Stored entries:
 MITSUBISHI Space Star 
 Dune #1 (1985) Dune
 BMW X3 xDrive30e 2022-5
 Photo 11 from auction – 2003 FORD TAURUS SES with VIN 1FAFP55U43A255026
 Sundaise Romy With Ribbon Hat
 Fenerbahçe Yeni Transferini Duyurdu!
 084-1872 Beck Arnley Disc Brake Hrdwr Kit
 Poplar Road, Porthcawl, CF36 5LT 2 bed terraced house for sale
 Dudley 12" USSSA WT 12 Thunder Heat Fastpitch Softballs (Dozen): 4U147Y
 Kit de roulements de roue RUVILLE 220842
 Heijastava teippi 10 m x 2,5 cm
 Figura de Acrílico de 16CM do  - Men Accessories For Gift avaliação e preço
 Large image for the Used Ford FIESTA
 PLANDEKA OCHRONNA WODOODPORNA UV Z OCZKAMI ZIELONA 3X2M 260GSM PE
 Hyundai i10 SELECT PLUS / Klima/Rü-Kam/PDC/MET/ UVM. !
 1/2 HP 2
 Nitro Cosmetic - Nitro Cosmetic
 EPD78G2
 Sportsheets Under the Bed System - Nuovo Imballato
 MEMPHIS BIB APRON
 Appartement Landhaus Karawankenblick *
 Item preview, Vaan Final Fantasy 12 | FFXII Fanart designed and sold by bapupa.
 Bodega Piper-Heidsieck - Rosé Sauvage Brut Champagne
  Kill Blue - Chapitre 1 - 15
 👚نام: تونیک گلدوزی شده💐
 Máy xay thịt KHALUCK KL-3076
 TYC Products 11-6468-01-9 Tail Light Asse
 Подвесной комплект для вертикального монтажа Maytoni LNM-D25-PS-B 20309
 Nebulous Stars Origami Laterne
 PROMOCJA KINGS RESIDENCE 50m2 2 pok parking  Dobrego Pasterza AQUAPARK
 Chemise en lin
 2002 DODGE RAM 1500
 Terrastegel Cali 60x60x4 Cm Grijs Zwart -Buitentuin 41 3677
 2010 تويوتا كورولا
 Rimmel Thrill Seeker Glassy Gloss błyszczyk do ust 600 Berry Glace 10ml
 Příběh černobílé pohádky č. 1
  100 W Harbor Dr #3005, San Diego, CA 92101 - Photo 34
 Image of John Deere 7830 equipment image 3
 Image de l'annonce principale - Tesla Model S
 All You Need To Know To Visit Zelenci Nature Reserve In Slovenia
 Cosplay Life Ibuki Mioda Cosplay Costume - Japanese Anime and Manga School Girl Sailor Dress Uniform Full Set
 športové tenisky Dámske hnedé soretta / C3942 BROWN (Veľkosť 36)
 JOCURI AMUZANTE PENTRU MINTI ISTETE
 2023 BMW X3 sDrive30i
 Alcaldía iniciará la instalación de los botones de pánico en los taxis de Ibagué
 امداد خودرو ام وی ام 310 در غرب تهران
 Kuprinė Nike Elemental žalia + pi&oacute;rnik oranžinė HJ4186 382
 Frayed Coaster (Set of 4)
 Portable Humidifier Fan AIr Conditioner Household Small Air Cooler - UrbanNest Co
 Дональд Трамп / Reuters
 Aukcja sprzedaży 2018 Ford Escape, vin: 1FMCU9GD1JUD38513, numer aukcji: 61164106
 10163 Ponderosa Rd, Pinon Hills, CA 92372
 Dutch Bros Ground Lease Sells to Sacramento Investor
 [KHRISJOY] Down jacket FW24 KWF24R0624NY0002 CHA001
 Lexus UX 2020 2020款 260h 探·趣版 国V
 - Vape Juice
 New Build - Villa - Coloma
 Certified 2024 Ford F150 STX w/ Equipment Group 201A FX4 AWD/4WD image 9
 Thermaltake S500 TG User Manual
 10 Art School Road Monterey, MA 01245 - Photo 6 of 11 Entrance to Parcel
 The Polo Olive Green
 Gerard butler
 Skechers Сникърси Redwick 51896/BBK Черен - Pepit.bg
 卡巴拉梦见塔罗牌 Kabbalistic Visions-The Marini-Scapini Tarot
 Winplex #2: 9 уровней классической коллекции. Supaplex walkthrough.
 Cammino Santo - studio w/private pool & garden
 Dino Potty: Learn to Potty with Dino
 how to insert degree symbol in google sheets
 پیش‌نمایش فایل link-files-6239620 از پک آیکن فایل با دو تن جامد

- [TASK ITEM] Your answer should be a single number: the count of lines in the data that include the word "Road".

- [TASK OUTPUT] 2